Une centaine d’habitants investit dans le renouvellement d’une éolienne
La durée de vie d’une éolienne étant d’une quinzaine d’années, la question du renouvellement d’une partie du parc (six sur huit) est arrivée très vite sur la table de la nouvelle équipe municipale en 2020. « Après une enquête publique sans aucun avis négatif, on a présenté le projet près de cinq fois en conseil, précise l’élu. La préfecture a ensuite pris un arrêté pour acter le chantier et nous n’avons fait l’objet d’aucun recours. »
« On ne pouvait pas dire non à un tel projet », lance de son côté Pierre Petit, habitant du village depuis trente ans. Baguette de pain et journal sous le bras, l’homme de 73 ans se souvient d’une « communication » très importante, il y a quinze ans, avec « des visites de chantier » et une « transparence » dans ce qui allait être fait. « Encore aujourd’hui, pour poursuivre le projet, il y a des réunions publiques pour s’informer, continue-t-il. Pour moi, les éoliennes ont donné un élan sur les énergies renouvelables dans le village. Ça a été le point de départ d’une dynamique. » Une centaine d’habitants ont tellement été convaincus qu’ils ont investi dans la campagne de financement participatif pour le renouvellement d’une des éoliennes à hauteur de 250.000 euros au total.
Après les éoliennes, les panneaux photovoltaïques ?
Et du côté de la municipalité, « ça ne coûte rien ». Au contraire. « Grâce aux nouvelles éoliennes, plus performantes, plus de 38.000 personnes seront alimentées en électricité, soit deux fois plus qu’avant », indique Damien Lagier qui précise que l’énergie produite n’est pas réinjectée directement dans le réseau local.

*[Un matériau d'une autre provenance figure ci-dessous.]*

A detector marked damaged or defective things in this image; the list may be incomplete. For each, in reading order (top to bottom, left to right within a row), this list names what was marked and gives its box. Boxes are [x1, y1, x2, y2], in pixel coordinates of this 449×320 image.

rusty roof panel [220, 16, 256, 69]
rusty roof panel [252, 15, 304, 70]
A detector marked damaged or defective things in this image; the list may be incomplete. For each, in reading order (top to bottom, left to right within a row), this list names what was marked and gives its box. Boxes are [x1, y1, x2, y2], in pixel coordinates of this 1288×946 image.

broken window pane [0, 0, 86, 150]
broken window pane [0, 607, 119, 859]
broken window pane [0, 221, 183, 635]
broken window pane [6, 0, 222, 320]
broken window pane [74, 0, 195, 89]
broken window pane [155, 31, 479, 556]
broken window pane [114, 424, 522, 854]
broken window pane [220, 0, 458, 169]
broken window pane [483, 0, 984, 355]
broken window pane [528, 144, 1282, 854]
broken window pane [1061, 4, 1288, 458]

Cependant, l’entreprise gestionnaire, considérée comme « une petite zone d’activité », permet à la commune de toucher 88.000 euros par an de retombées fiscales. Des retombées qui doubleront après le renouvellement du parc, précise Damien Lagier. « Ça a été notre bouclier face à l’augmentation des prix de l’énergie, cela représente un huitième de notre budget de fonctionnement », complète-t-il.

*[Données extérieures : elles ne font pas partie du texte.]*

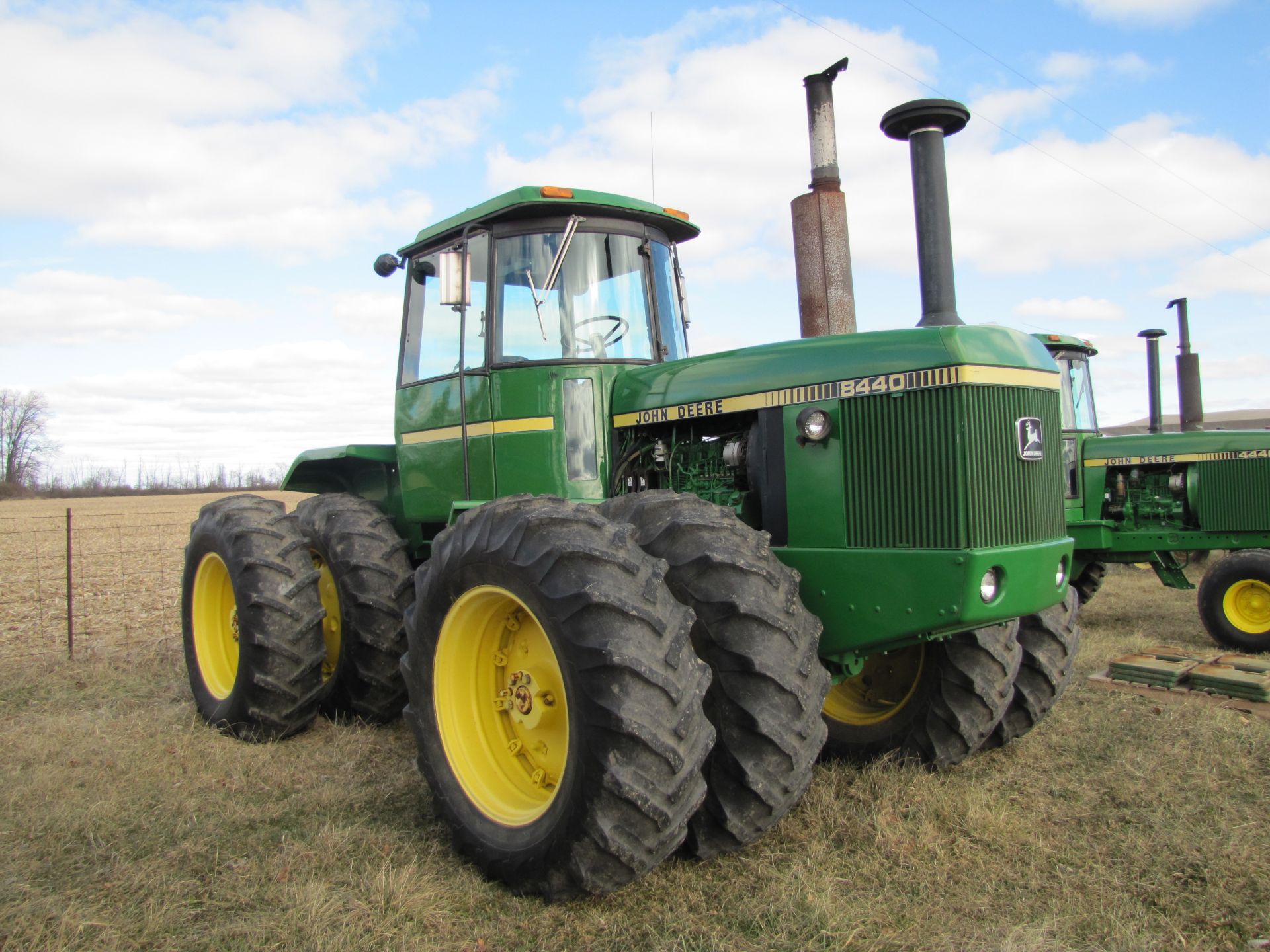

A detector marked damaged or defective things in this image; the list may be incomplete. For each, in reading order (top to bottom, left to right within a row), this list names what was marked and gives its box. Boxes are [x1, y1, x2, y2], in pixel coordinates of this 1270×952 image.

rusty exhaust stack [787, 58, 858, 340]
rusty exhaust stack [884, 98, 970, 327]
rusty exhaust stack [1143, 327, 1168, 431]
rusty exhaust stack [1163, 298, 1204, 431]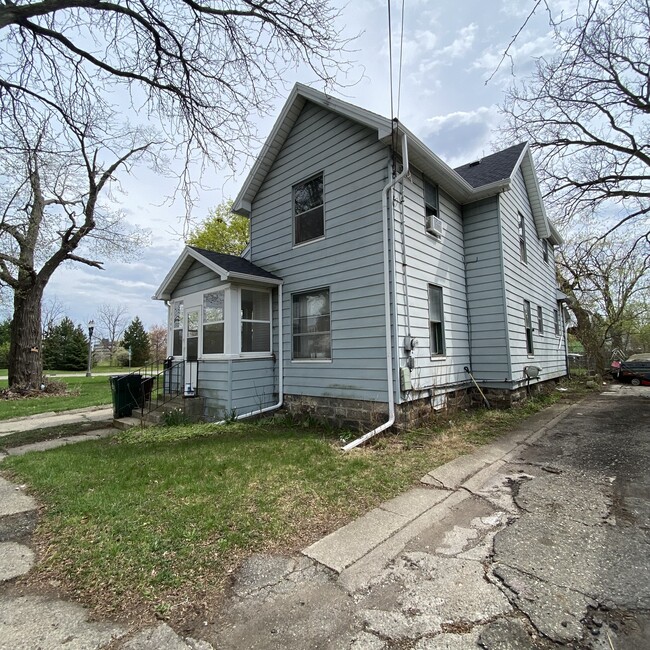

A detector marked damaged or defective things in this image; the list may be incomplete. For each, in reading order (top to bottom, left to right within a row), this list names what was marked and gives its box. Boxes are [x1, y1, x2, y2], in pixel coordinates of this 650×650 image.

cracked asphalt driveway [201, 388, 644, 644]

Il conclut : « Le pari a été réussi mais ce n’est pas gravé dans le marbre. Il est possible qu’en 2040, la nouvelle équipe décide de tout arrêter. Le fait que ce ne soit pas irrémédiable joue aussi dans la balance selon moi. » En attendant, le maire favorise l’installation de panneaux photovoltaïques. Mais loin des vieilles maisons en pierre qui font la réputation du plus beau village de la Drôme car Marsanne reste un site patrimoine remarquable pour lequel chaque modification doit être négociée avec les bâtiments de France.